[PROBLEM DETAILS]
Reproduce exactly the lines below from the one containing "This is the" through the one containing "Hi, my name", including both, and nothing else.

[PROVIDED ENTRIES]

= = = = =

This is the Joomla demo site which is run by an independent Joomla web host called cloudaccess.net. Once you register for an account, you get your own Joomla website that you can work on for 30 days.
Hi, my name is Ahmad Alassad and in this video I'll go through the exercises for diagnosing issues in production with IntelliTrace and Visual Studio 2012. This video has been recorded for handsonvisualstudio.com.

= = = = =

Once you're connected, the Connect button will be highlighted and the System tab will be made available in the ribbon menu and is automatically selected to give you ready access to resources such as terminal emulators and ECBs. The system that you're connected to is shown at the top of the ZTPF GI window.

= = = = =

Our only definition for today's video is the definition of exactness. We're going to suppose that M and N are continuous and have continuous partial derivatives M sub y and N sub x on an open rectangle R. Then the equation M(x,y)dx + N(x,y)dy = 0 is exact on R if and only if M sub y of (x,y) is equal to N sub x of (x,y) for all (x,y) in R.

= = = = =

[WRITTEN REPLY]
This is the Joomla demo site which is run by an independent Joomla web host called cloudaccess.net. Once you register for an account, you get your own Joomla website that you can work on for 30 days.
Hi, my name is Ahmad Alassad and in this video I'll go through the exercises for diagnosing issues in production with IntelliTrace and Visual Studio 2012. This video has been recorded for handsonvisualstudio.com.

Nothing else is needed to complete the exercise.